Fortunately, the Games are taking place in safety. Their politicisation, however, is taking a different yet arguably more extreme form. It began with the opening ceremony’s rendition of a feast of Dionysus – the Greek god of wine and ecstasy – by a group of drag artists. The representation was immediately confused with Leonardo da Vinci’s The Last Supper, triggering a furore among socially conservative groups worldwide.

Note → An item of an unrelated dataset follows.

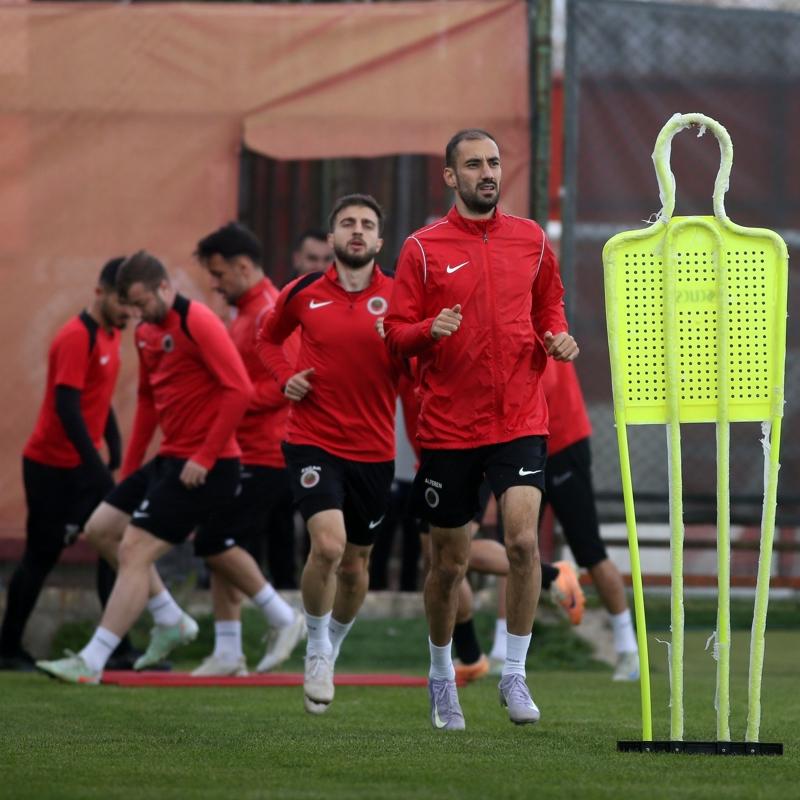 Gen�lerbirli�i, kritik Sakaryaspor ma��n�n haz�rl�klar�na devam etti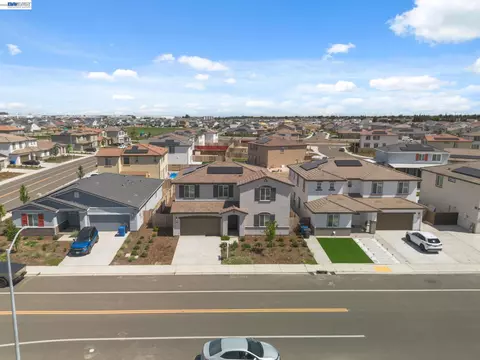 View/Area - 2261 Hewins St, Manteca, CA 95337 photo 6 of 12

Donald Trump called the ceremony a disgrace, saying that no such thing would happen when the next Summer Olympics convene in Los Angeles (which he no doubt assumes will be under his watch as president). Various Christian groups weighed in, too, including the pope, who deplored the offence to Christians. The explanations of the artistic director, Thomas Jolly, backed by the French president, Emmanuel Macron, did not quell the critics and Jolly has received online death threats.

But worse was to come in the women’s boxing arena, when Italian Angela Carini withdrew from a match after her Algerian opponent in the 66kg welterweight class, Imane Khelif, punched her face inside 30 seconds.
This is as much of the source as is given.